- PROBLEM DETAILS
Only the lines from the line with "this 1270×952 image." through the end of the records belong in your reply, copied exactly, with every picture left out.

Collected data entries
:::::

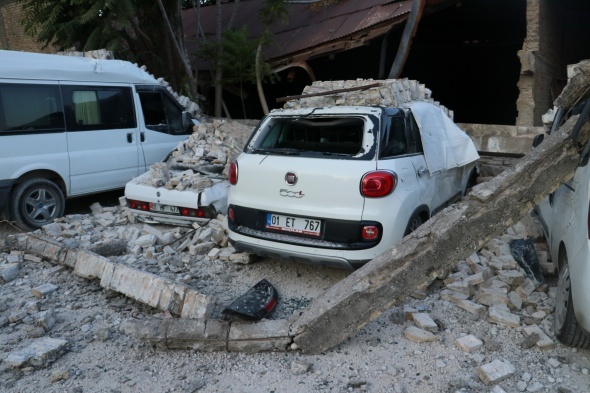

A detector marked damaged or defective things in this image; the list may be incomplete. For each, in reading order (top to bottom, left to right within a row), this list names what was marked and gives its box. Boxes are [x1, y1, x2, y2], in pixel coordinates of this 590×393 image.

shattered rear windshield [245, 115, 374, 158]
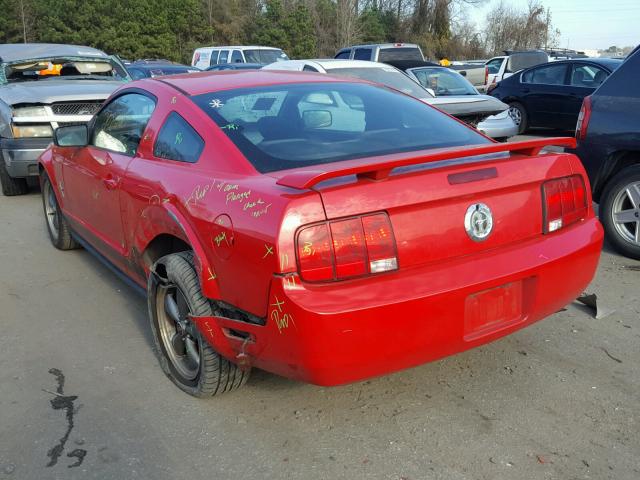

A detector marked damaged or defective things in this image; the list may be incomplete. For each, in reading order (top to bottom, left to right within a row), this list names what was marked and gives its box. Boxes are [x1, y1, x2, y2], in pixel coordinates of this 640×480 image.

damaged red car [38, 69, 600, 396]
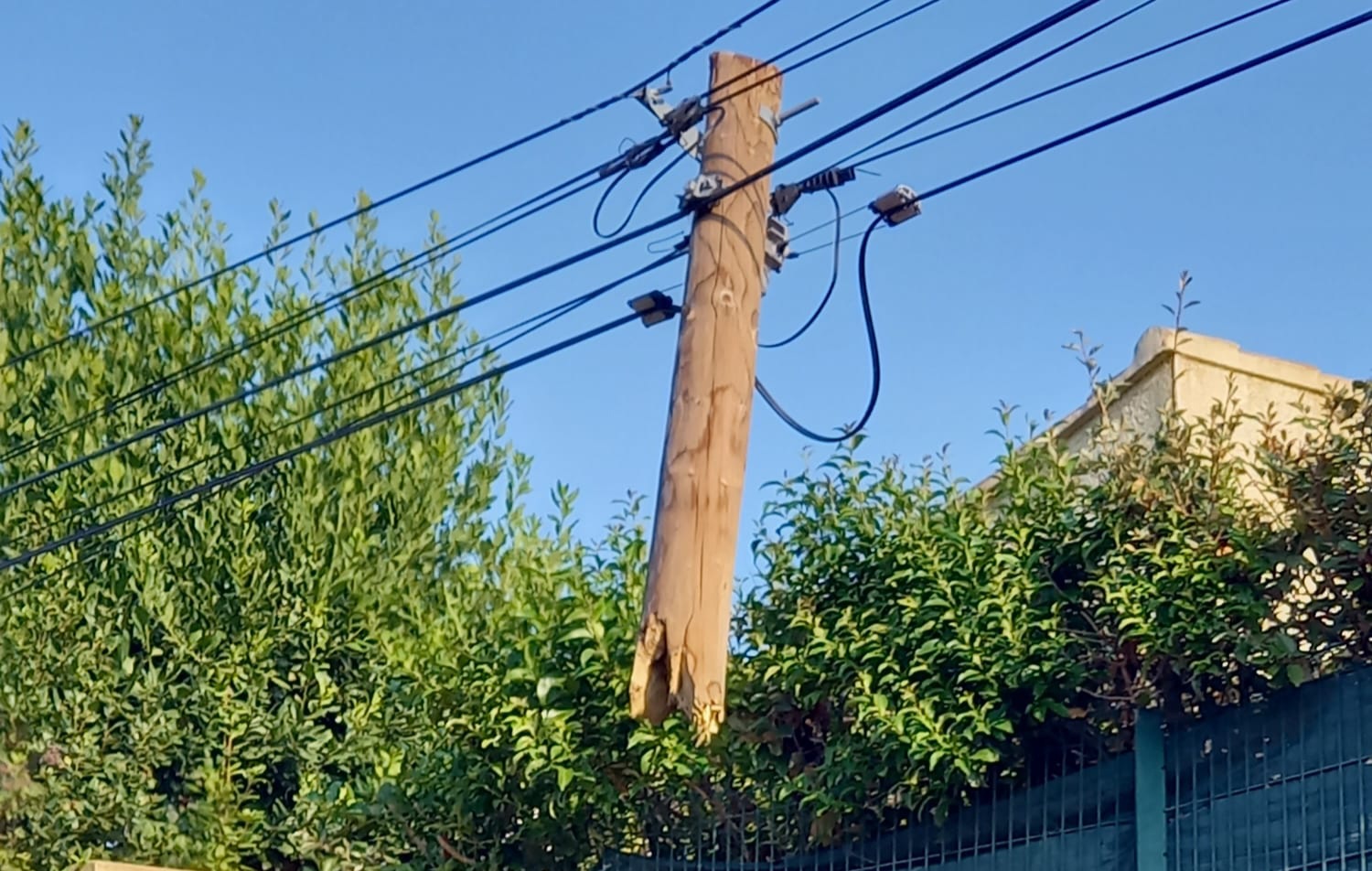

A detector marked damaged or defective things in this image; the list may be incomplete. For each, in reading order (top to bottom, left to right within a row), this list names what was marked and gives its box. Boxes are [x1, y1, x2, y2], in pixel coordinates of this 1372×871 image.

damaged wooden pole [631, 50, 785, 740]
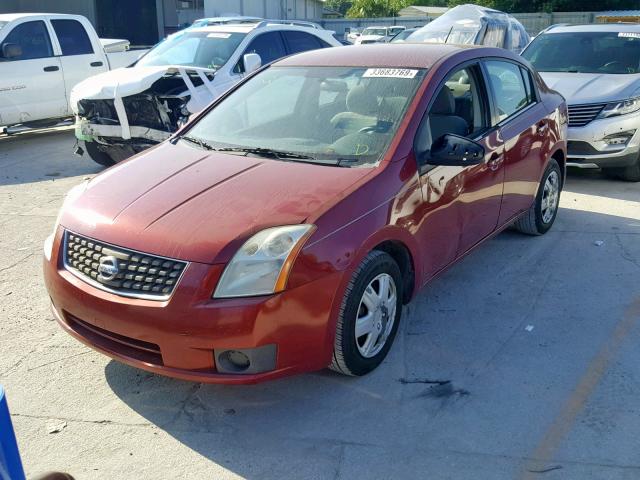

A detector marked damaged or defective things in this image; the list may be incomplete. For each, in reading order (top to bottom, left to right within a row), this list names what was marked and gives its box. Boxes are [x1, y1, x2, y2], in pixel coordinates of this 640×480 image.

crumpled hood [69, 64, 215, 113]
damaged white car [70, 20, 340, 166]
crumpled hood [540, 71, 640, 104]
crumpled hood [62, 141, 372, 264]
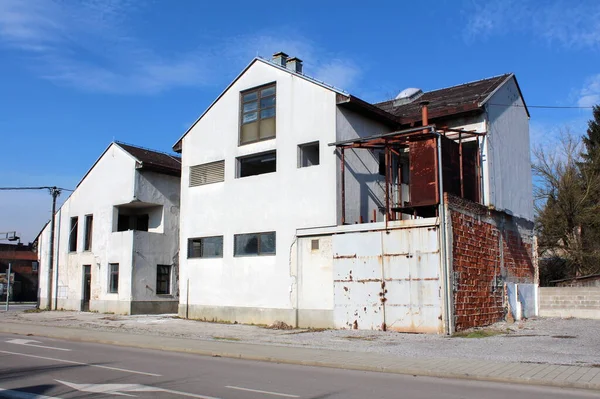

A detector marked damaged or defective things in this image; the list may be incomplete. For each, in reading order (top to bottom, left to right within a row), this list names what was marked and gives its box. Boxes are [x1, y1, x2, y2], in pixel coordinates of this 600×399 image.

broken window [239, 84, 276, 145]
broken window [238, 152, 278, 178]
broken window [298, 142, 322, 167]
rusty metal structure [330, 103, 486, 225]
broken window [188, 238, 223, 260]
broken window [233, 233, 276, 258]
rusted gate [332, 225, 440, 334]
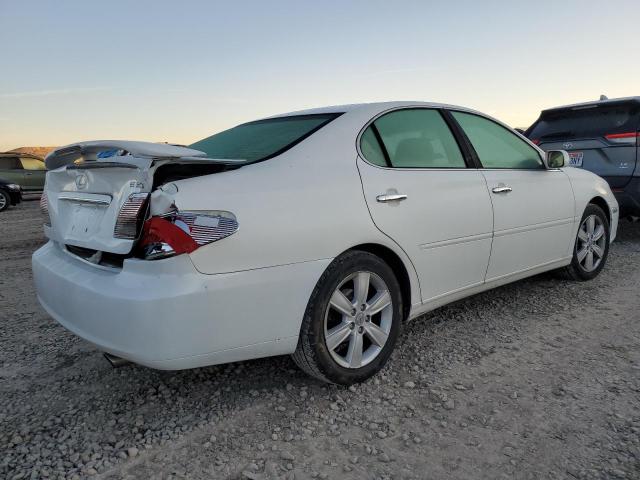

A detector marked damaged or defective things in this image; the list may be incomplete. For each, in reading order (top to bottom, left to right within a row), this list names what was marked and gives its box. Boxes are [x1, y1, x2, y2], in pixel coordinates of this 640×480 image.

broken taillight [114, 193, 149, 240]
damaged rear end [42, 141, 242, 268]
broken taillight [139, 212, 239, 260]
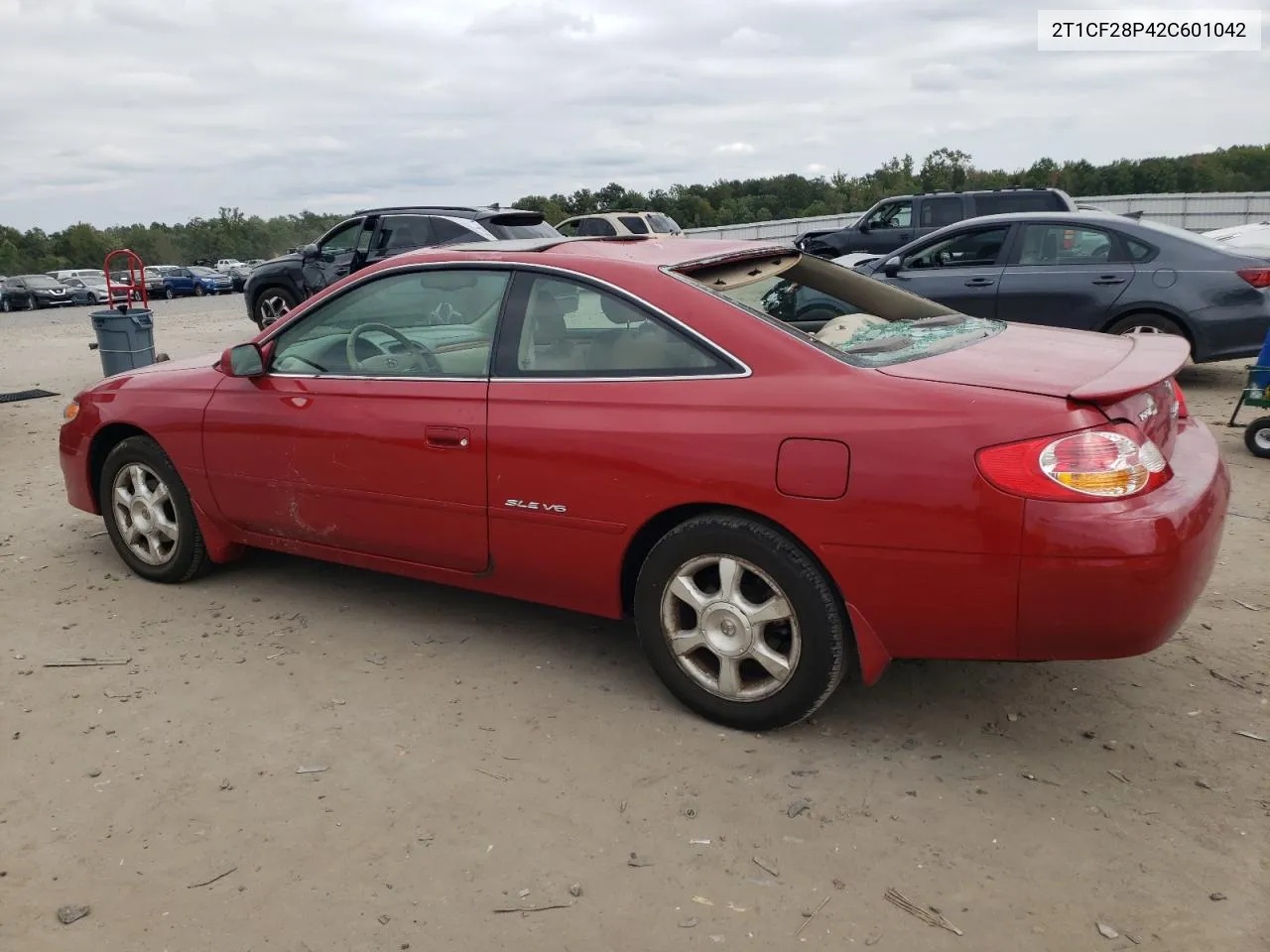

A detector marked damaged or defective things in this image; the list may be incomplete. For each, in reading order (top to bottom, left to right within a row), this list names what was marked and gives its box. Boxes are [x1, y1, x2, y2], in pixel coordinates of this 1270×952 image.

shattered rear window [823, 317, 1000, 368]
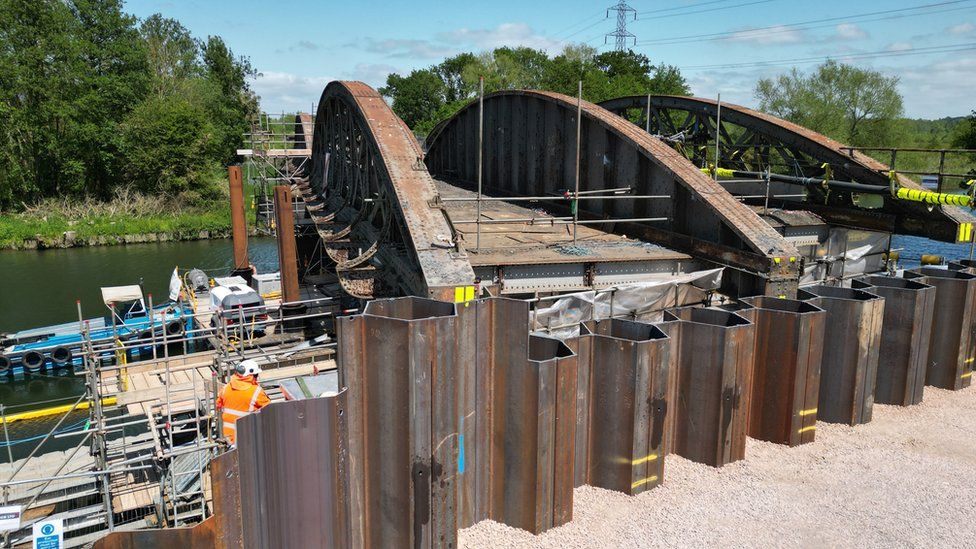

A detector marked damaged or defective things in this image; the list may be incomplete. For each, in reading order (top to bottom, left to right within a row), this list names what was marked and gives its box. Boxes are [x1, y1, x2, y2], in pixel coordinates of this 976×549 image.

rusty steel arch [302, 80, 476, 300]
rusty steel arch [428, 89, 800, 296]
rusty steel arch [604, 95, 976, 243]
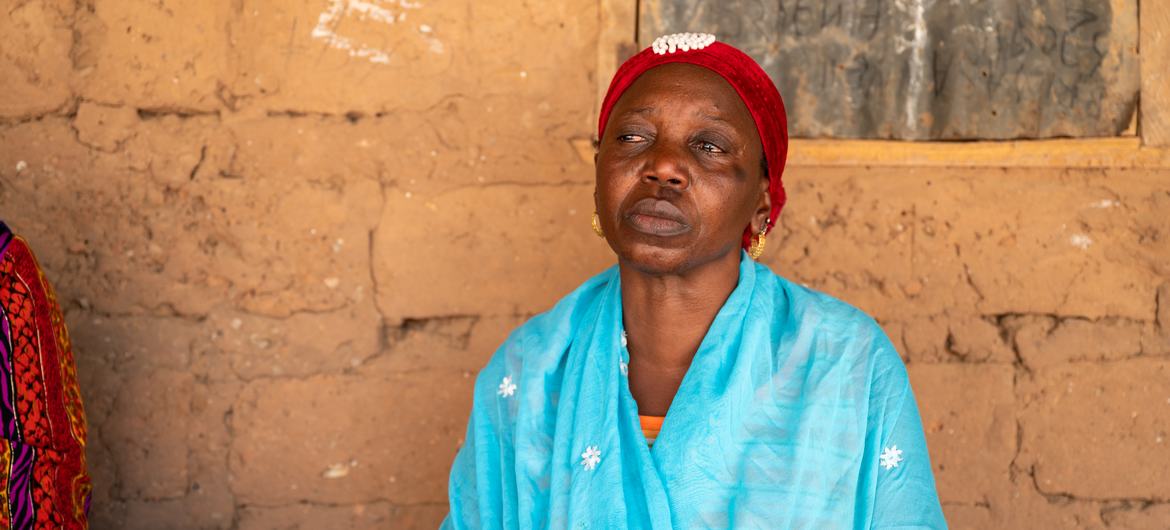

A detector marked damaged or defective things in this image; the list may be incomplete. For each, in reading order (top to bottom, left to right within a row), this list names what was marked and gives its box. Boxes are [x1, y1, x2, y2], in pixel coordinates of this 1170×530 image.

rusty metal sheet [644, 0, 1136, 139]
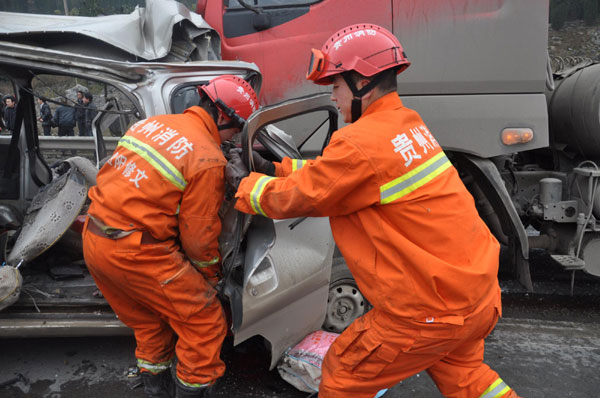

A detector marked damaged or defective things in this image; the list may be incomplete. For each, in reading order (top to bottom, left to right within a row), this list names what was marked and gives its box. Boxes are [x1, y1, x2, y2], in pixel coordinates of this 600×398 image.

torn seat cushion [0, 266, 22, 312]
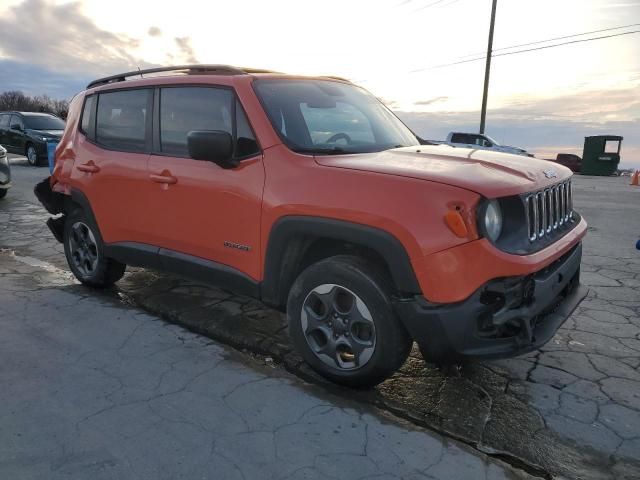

:::::

- SOLUTION FOR THIS PROBLEM
A detector marked damaged or defective things in this image; the list may be incomplete. For each, in reading order (top to bottom, left to right within a row), this list names what was marked and gives its box. Boxes are [x1, y1, x2, y2], in pixel coordinates of this 1270×952 image.

shattered rear window [823, 317, 1000, 368]

A detector marked damaged or defective things in this image; the list may be incomplete. For each, in reading order (top to bottom, left to right within a row), this list names what was marked and gives its box. Boxes are [x1, y1, x2, y2], in pixel coordinates of this 976×549 image.

rusty steel arch [302, 80, 476, 300]
rusty steel arch [428, 89, 800, 296]
rusty steel arch [604, 95, 976, 243]

A detector marked damaged or defective things in this image; the list may be incomplete. For each, in reading order (top to bottom, left to right within a row), this list names what was marked and gives its box. Boxes are [x1, y1, x2, y2], in pixel coordinates of this 1170×530 image.

rusty metal sheet [644, 0, 1136, 139]

A detector marked damaged or defective things in this image; the list may be incomplete. For each, in reading order (top to bottom, left to right within a row), this list names what was marked and gives its box. Boxes are [x1, y1, x2, y2], in pixel coordinates of this 600×398 image.

torn seat cushion [0, 266, 22, 312]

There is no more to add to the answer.